Handmade & vintage goodies from Etsy (clockwise):
Crumlin Flow Cup by Beach Towne Vintage; Rose Petal Jam by Prem Rose Edibles; Copenhagen Coffee Cup by Transitions; Raspberry Linzer Cookies by Tereza; Blue and White Jar by Karen’s Chic N Shabby; Canteloupe Vanilla Bean Jam by Lemonbird; Blue Calico Teacup by The Mab House; Blueberry Jam by Sunchowder’s Emporia
Rose tea is tricky, but when it’s done right you feel as if you’re sitting in a parlor with the windows open and overlooking your carefully dissheveled English garden. Most rose teas get the proportions wrong. The rose flavor is too strong and your cup tastes like an elderly aunt accidentally poured her perfume in it. Perhaps it wasn’t an accident and she really is as devious as you suspected. Anyway, this blend of rose and Ceylon black is fragrant but not overpowering. It works hot or chilled; both are fantastic and each brings out a slightly different set of flavors.
Earl Grey Lavender
Lavender seems like an odd addition to tea, especially to such an unimpeachable classic like Earl Grey. But we have taken quite a shine to this combination, and we promise it won’t remind you of a well-kept linen closet. Earl grey is another hit-or-miss blend for us because the proportions often overemphasize either the citrus or the bergamot instead of forming a lovely menage a trois with the black. Here, the proportions are just right. The zesty eagerness of the citrus and calm demeanour of the lavender work together, like Wooster & Jeeves in their best moments.
Jade Snail (with a twist)
These little knots unfurl into a subtle flavor with none of the grassiness often associated with green tea. We like to add a tiny pinch of matcha to intensify the flavor and turn the pale yellow color into vivid green, like a leprechaun sneezed in your cup. Another green that we’ve been loving recently is Calypso, so much so that we finished it before we could take a picture. The hint of fruit and coconut give it a pina colada taste that doesn’t overpower the green, especially when you add a bit of matcha. We can’t wait to brew this one iced with a few pieces of real fruit.

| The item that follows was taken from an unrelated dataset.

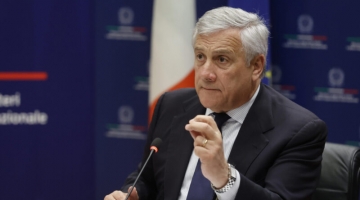 Emergenza migranti, Tajani: “Italia porta peso di intera Europa”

Our tea shelf looks so much more polished and put together with these tins, each with a different pattern but all in shades of blue. We got these on Amazon in big and small sizes to accomodate our must-have favorites and samples.
Teacup of the Moment
This cup from Anthropologie has had its fair share of sea voyages, if you count in leagues of tea, that is. The sailing ship and octopus tentacles that loop around the outside remind us of Delftware and the trade routes established by the Dutch East India Company to bring tea from China. This cup is definitely not dainty; it’s quite large and thick, with a wide tentacle handle. It even works well as a soup mug.